Pursuing avenues for economic revitalization has been an integral part of Prime Minister Shinzo Abe’s agenda since he took office. Amongst the most contested options has been Japan’s recent decision to commit to negotiations for a Trans-Pacific Partnership (TPP). The Asahi Shimbun, one of Japan’s more liberal dailies, argued that it’s in the nation’s interest to take an assertive role in the trade liberalization talks.

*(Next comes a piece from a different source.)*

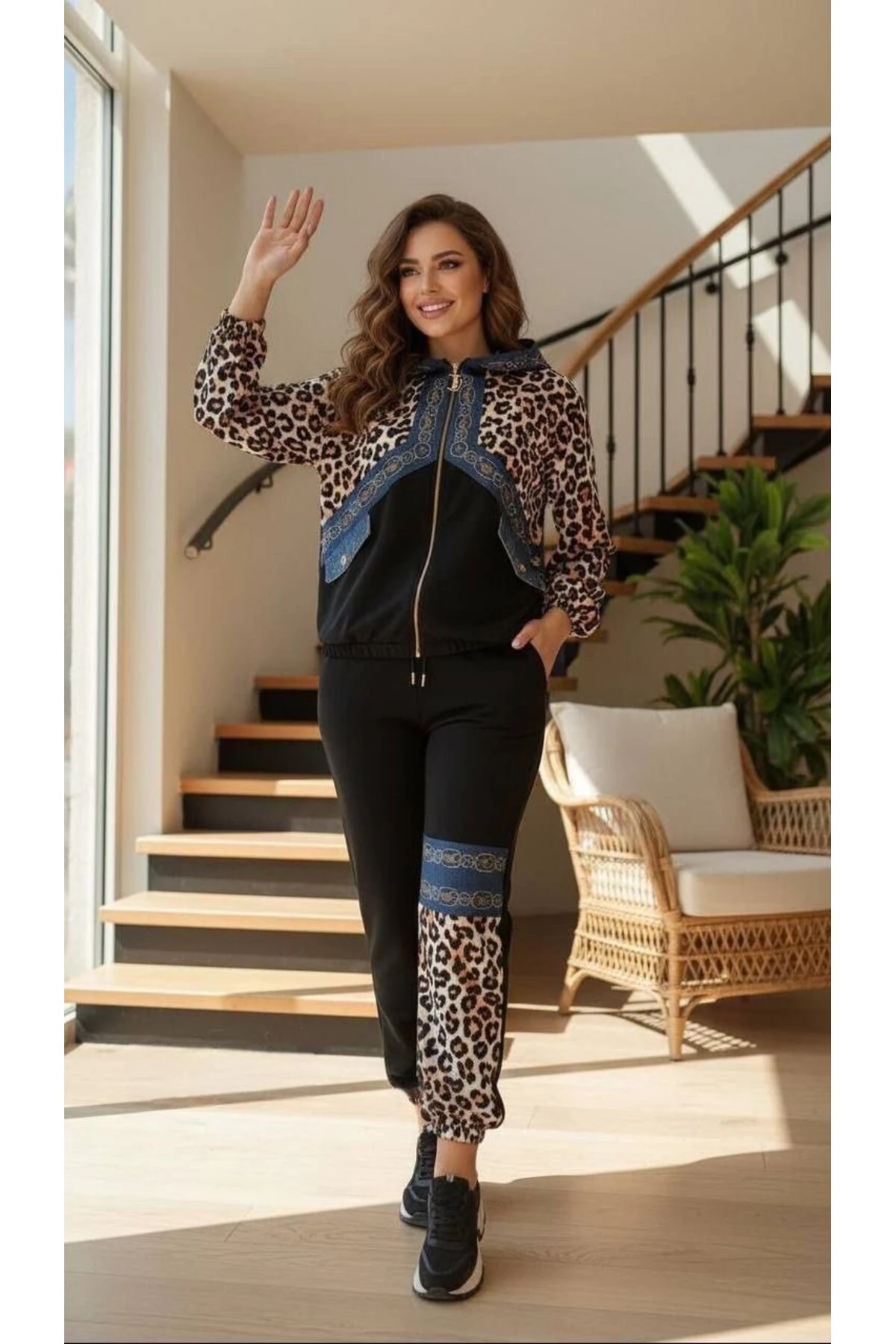 Kadın Lüks Giyim Fermuarlı Kapüşonlu Lüks Leopar Desenli Takım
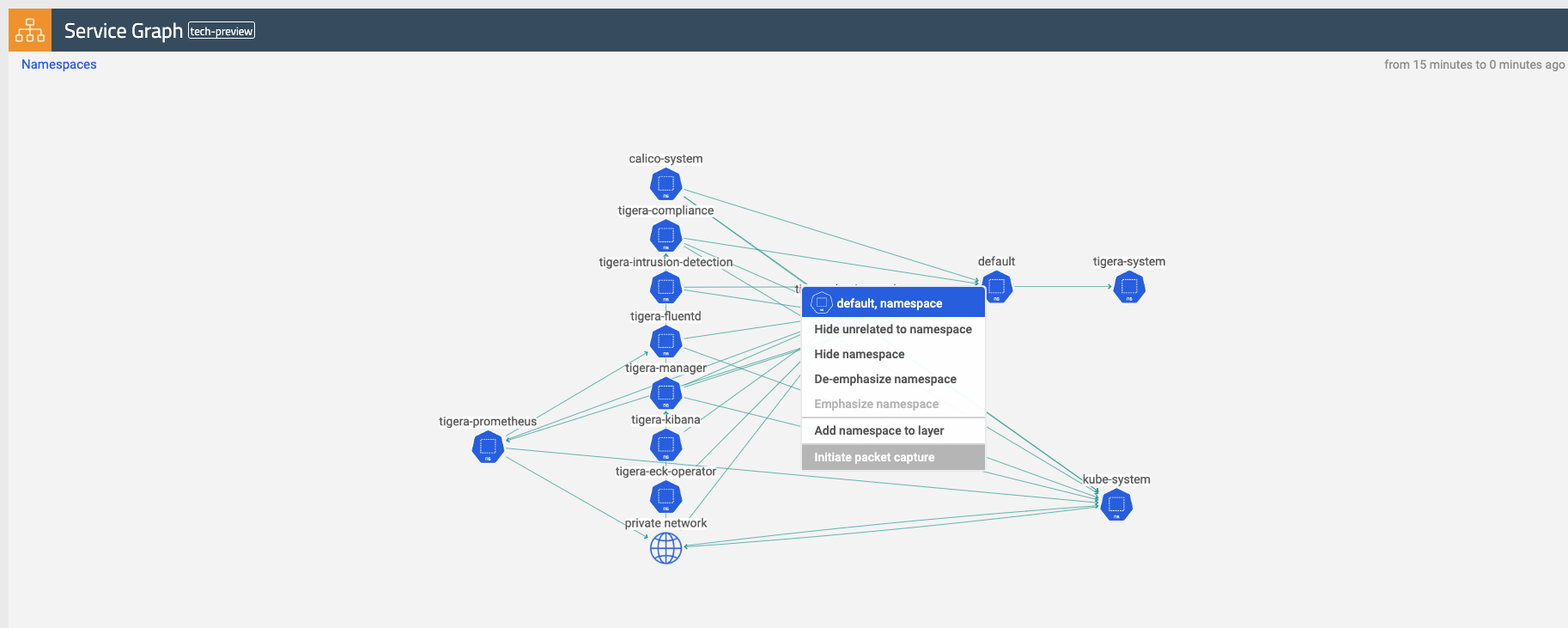 Service graph showing right-click menu on a namespace with 'Initiate packet capture' highlighted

The editorial described the benefits of the proposed trade reform, stating it would “contribute to expanding the regional flow of goods, money, technology and information.” These occurrences could help Japan out of its era of stagnation, bringing it back to global, economic prominence. But such changes never come without some struggle. The development of a regional trade agreement raises the issue of trade policy adjustment in some countries. China, for instance, “has many regulations and systems incompatible with the principles of free trade.” In this regard, Japan, as a competing regional power, has the power to help guide TPP talks in the direction of liberalizing China’s trade policies.
The Middle Kingdom isn’t the only factor complicating the drafting of a regional trade agreement. The Daily Yomiuri, another prominent daily, published an article stating that the interests of all the countries involved in the prospective TPP clash on many topics, such as agriculture and intellectual property rights. The famous center-right daily newspaper urges the government to be cautious, as it is “unpredictable how countries will carry out negotiations.”
While these are impending obstacles, they must be overcome if Japan and the region desire a unified trade agreement.